Libyans lived in Greek colonies and served in the Roman Senate; the Emperor Septimus Severus was a Libyan. Democracy and classical culture are as much part of Libya’s heritage as of Britain’s. The current chaos and rise of Islamic extremists in both Iraq and Libya—and Syria and Yemen—isn’t an argument against the eventual viability of democracy in these countries, or against the West supporting uprisings against Arab tyrants, or against the moral value of the human beings who live in these countries. It is exactly what might be expected from the broken people of a broken culture, who have decades of catching up to the rest of the world ahead of them. There is no time like the present for them to start, and with our support.
There are carrots and sticks that we can use.

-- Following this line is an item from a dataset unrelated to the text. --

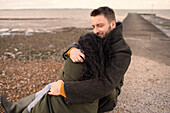 Happy couple in winter coats hugging on ocean jetty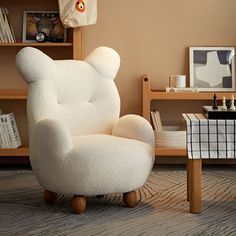 a white teddy bear chair sitting on top of a wooden floor next to a table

One of the sticks was recently suggested by Eric Gibson in a Wall Street Journal op-ed: putting some teeth into the sections of the U.N. Hague Convention of 1954 to punish the destruction of cultural heritage as a war crime. Carrots would include making monetary awards to those who preserve cultural heritage in the face of grave risk, like the “book smugglers” of Timbuktu, the Libyans who guarded their classical ruins during the revolution, and those who preserved the artifacts of the Baghdad and Kabul museums. It is of course the Muslim world that has the most to gain from preserving its heritage. Ironically, if ISIS succeeds in its nihilistic goals, it will destroy the evidence of Muslim artistic achievements.